Archives March 2022

Best cryptocurrency wallets

Understanding your options for storing crypto securely both on and offline.

Cryptocurrency wallets is a digital wallet that you use to store your crypto coins or tokens, just as you’d store your cash and cards in a physical wallet. You can also access your tokens in a crypto wallet using your “private keys”. Private keys are the cryptographic information – essentially a string of secret randomised letters and numbers – that you use to access your crypto and make transactions. There are numerous different types of crypto wallets, all with different features and varying levels of security. So, which one is best for you? 

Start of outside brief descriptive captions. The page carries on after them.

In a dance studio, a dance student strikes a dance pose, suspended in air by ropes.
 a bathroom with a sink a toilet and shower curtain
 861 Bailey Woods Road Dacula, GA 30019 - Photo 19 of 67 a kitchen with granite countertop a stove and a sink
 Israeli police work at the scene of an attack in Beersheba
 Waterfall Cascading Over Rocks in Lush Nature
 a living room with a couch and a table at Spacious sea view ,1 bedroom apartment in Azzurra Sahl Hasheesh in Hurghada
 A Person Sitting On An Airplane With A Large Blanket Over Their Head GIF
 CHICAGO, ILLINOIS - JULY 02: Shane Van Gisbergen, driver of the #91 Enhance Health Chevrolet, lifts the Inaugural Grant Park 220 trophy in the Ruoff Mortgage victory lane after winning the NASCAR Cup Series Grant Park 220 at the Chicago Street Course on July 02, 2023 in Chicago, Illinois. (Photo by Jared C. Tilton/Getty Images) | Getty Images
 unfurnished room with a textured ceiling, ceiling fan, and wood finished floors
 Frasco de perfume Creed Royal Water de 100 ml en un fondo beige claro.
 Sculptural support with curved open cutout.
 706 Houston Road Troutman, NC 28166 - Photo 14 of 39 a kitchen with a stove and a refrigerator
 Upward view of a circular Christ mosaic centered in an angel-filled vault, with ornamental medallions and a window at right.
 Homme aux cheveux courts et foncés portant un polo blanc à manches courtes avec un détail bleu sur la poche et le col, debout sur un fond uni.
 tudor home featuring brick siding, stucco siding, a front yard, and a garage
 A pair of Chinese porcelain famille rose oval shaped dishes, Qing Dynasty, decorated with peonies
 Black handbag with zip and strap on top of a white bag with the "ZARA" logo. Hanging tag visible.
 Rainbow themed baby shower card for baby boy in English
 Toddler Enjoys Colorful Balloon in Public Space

While there are numerous crypto wallets available on the market, they can be separated into two main categories: hot and cold wallets. 

Hot wallets

A hot wallet, also known as a “software wallet” is a crypto storage facility that is connected to the internet. Centralised cryptocurrency exchanges (CEXs) usually offer hot wallet storage via their sites, but you can also download them. 

Some hot wallets are specifically designed to be in partnership with certain web apps, which means that they may only be compatible with specific cryptocurrencies. So, if you’re interested in investing in more than one type of cryptocurrency, it is worth researching which wallets are compatible with the crypto you’re looking to buy. Many downloadable hot wallets that are compatible with multiple currencies are also free of charge. 

There are 3 main types of hot wallet. These include:

Web wallets

As mentioned above, a web wallet is an online wallet that’s in partnership with various web apps. These services store cryptocurrency on your behalf. This means that the third party site has access to your private keys. 

Popular web wallets include:


  • Ease of access. Web wallets can be accessed from anywhere and via any electronic device that is connected to the internet. 
  • User-friendly. Web wallets generally have user-friendly interfaces, and only require an email address and username to set up.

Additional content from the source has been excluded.